Task directions: For this exercise, retype all the data exactly and exclude every image.

Dataset excerpt:
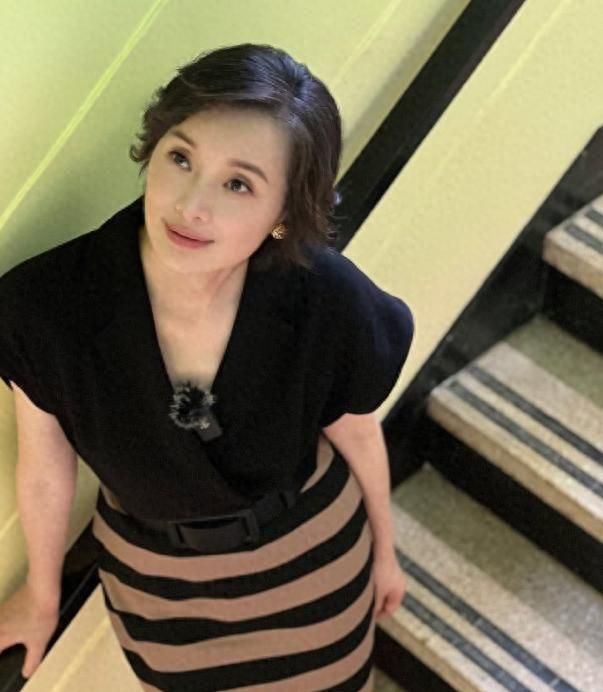 吴越换掉黑长直，烫了个微卷短发立马嫩回20岁！穿披肩上衣配条纹裙，出场就像换脸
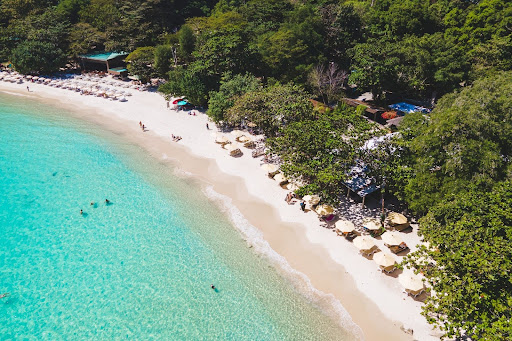 Beach Resorts in Roatan Honduras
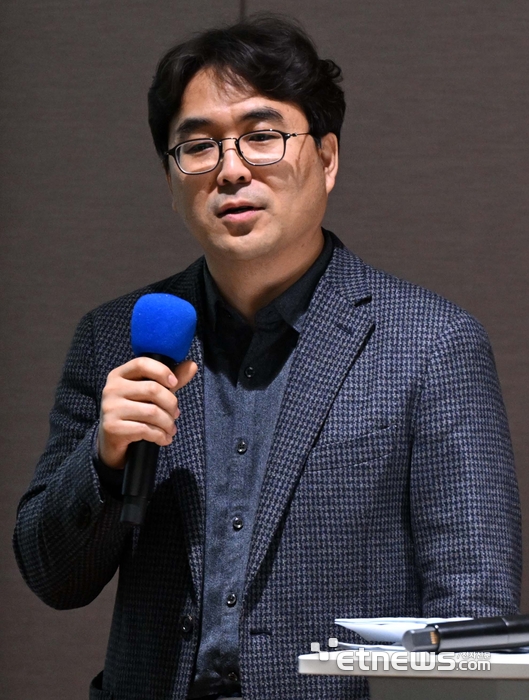 삼성전자가 직바람 없는 '무풍' 기술의 혁신과 노하우를 적용한 인공지능(AI) 기반 신제품 무풍 에어컨을 공개했다. 5일 서울 서초구 삼성전자 R&D캠퍼스에서 열린 2026년형 에어컨 신제품 미디어 브리핑에서 신문선 가전사업부 에어솔루션 개발팀장이 제품 소개를 하고 있다. 김민수기자 mskim@etnews.com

Answer to the problem:
 吴越换掉黑长直，烫了个微卷短发立马嫩回20岁！穿披肩上衣配条纹裙，出场就像换脸
 Beach Resorts in Roatan Honduras
 삼성전자가 직바람 없는 '무풍' 기술의 혁신과 노하우를 적용한 인공지능(AI) 기반 신제품 무풍 에어컨을 공개했다. 5일 서울 서초구 삼성전자 R&D캠퍼스에서 열린 2026년형 에어컨 신제품 미디어 브리핑에서 신문선 가전사업부 에어솔루션 개발팀장이 제품 소개를 하고 있다. 김민수기자 mskim@etnews.com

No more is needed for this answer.